Supplied records:
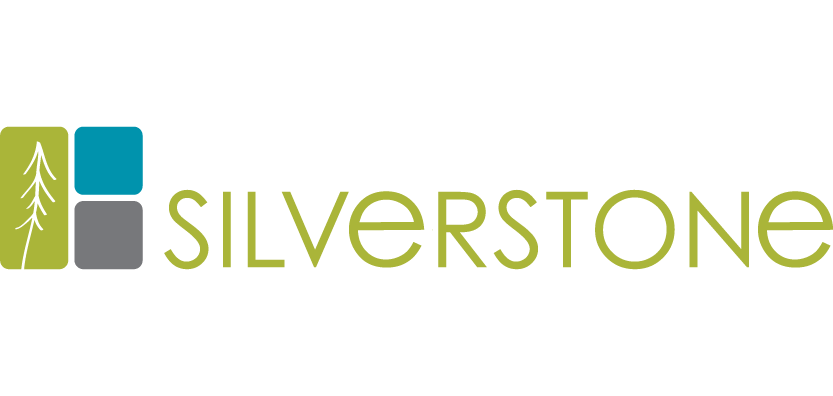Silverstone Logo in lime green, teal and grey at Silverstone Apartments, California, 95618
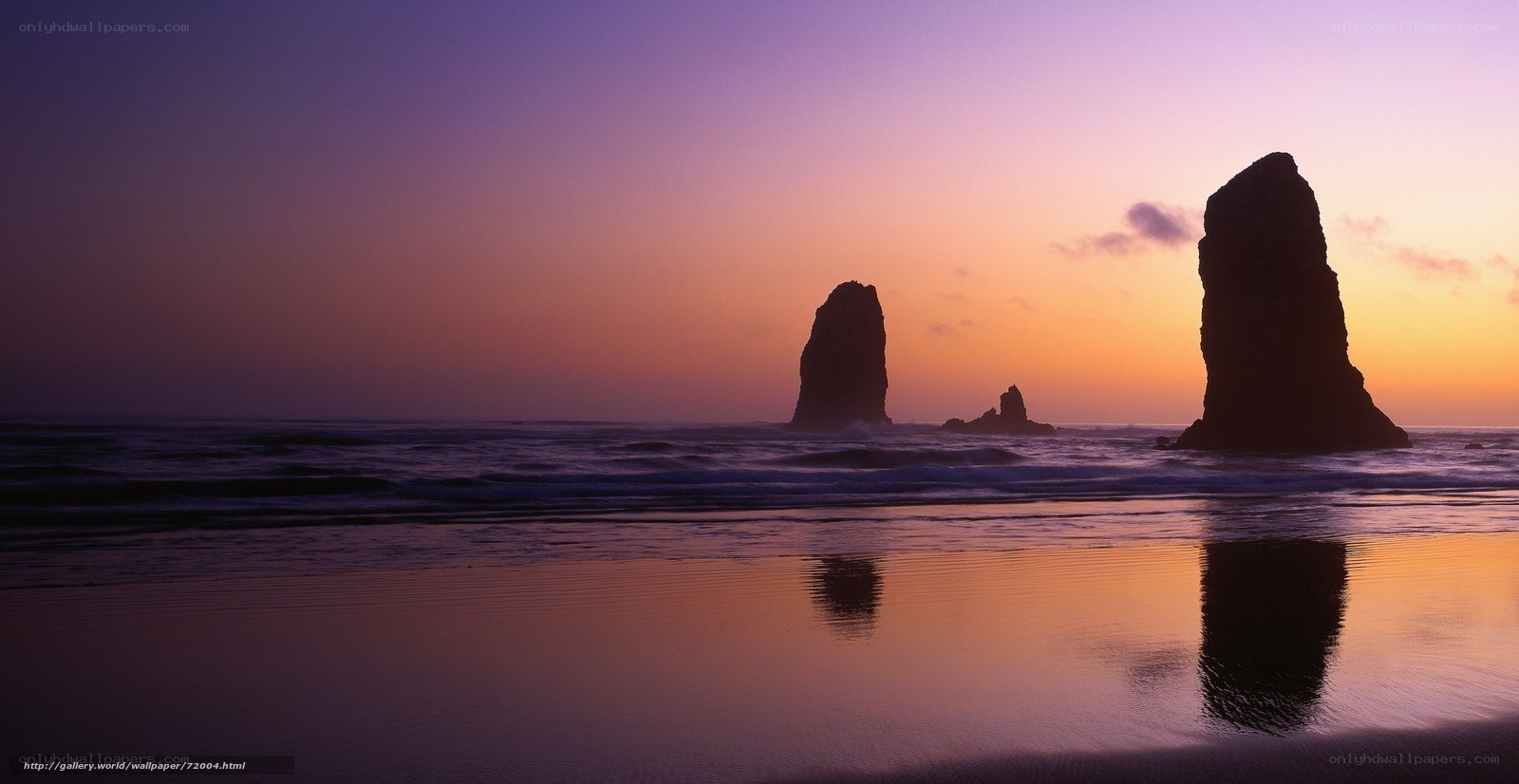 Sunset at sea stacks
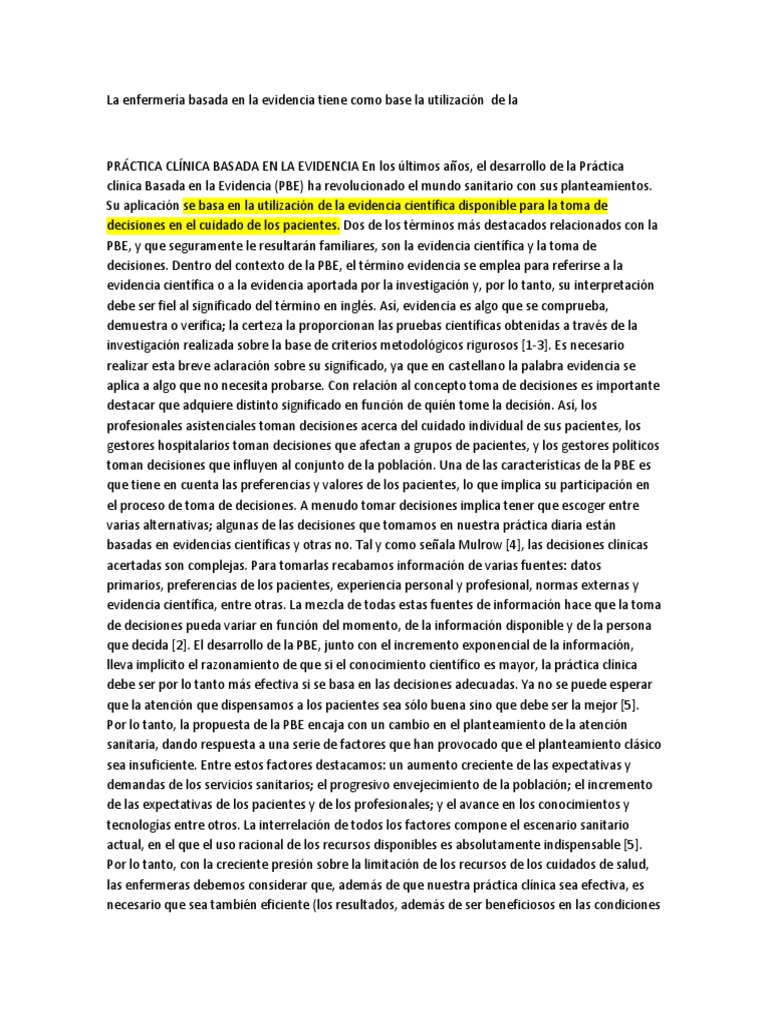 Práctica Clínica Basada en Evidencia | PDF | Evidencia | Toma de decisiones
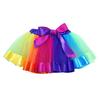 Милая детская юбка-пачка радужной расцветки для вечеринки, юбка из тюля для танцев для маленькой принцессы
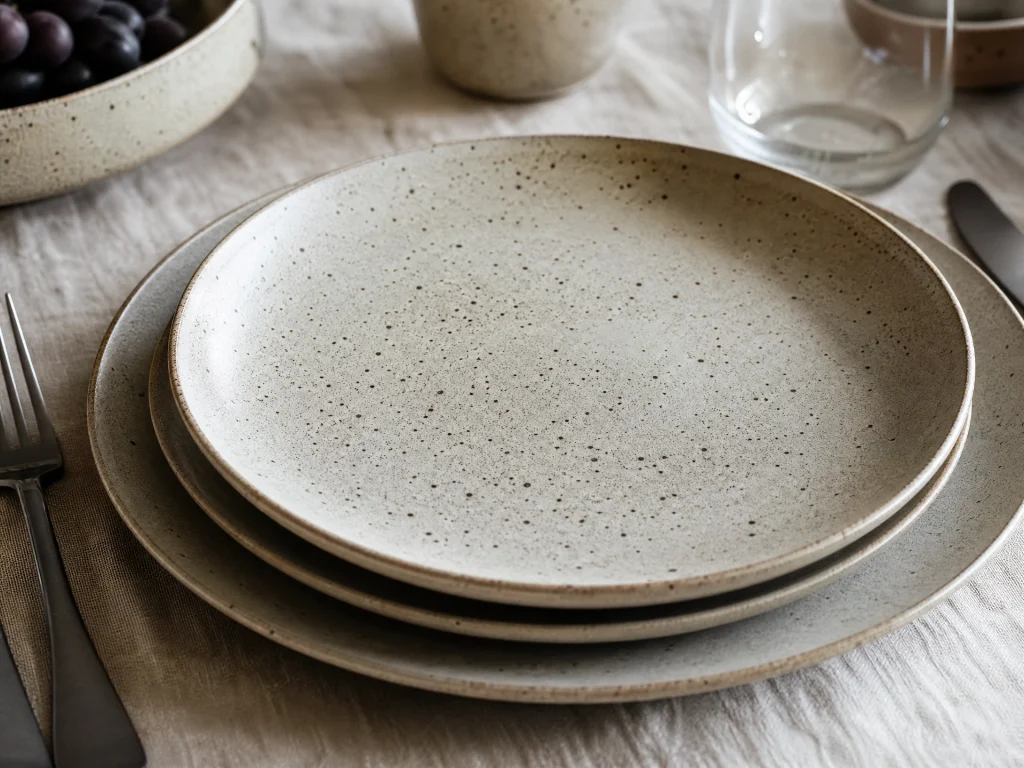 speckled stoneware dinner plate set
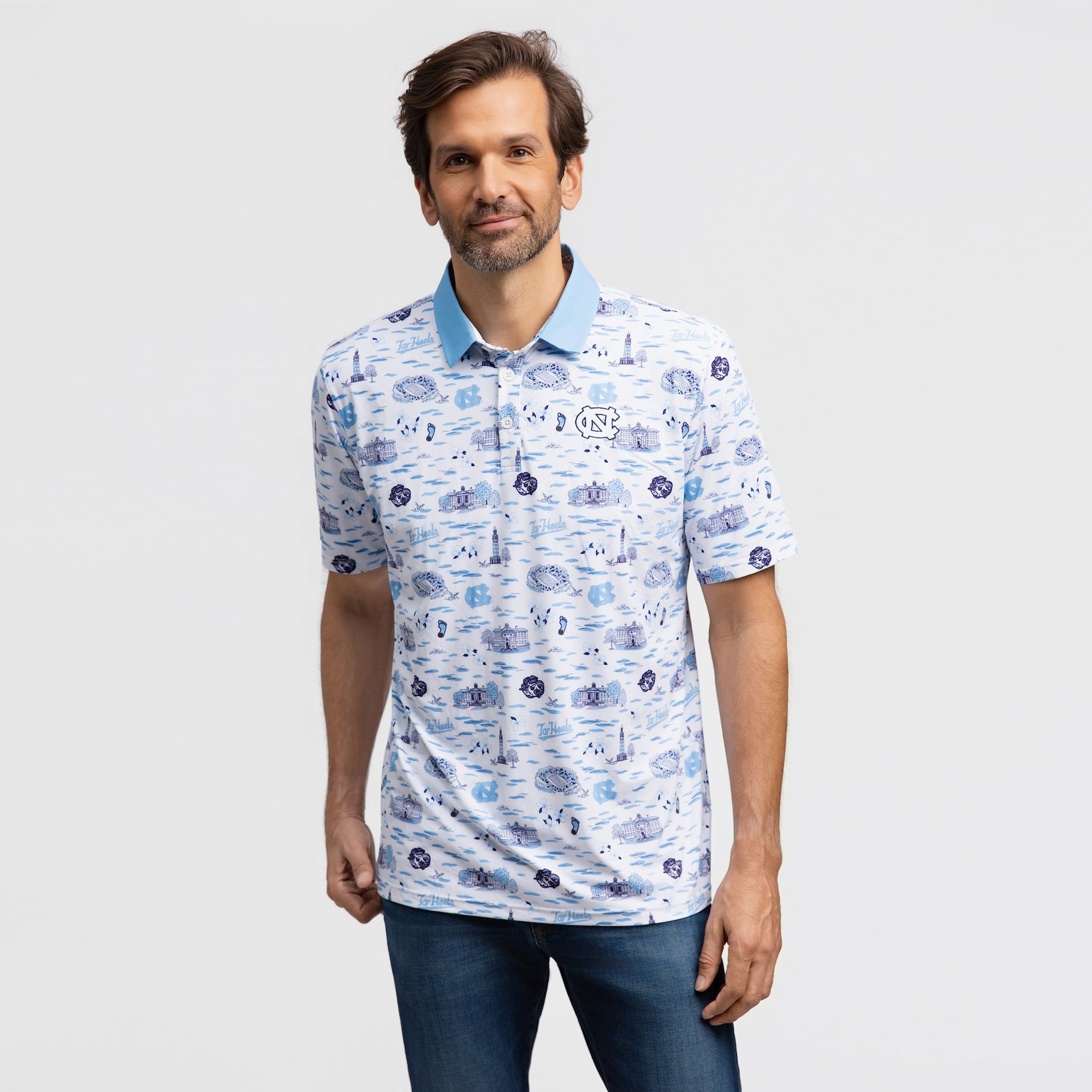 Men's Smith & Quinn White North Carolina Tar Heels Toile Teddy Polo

Assignment: The result should be the listing above, restated exactly, with no pictures in it.

Expected output:
Silverstone Logo in lime green, teal and grey at Silverstone Apartments, California, 95618
 Sunset at sea stacks
 Práctica Clínica Basada en Evidencia | PDF | Evidencia | Toma de decisiones
 Милая детская юбка-пачка радужной расцветки для вечеринки, юбка из тюля для танцев для маленькой принцессы
 speckled stoneware dinner plate set
 Men's Smith & Quinn White North Carolina Tar Heels Toile Teddy Polo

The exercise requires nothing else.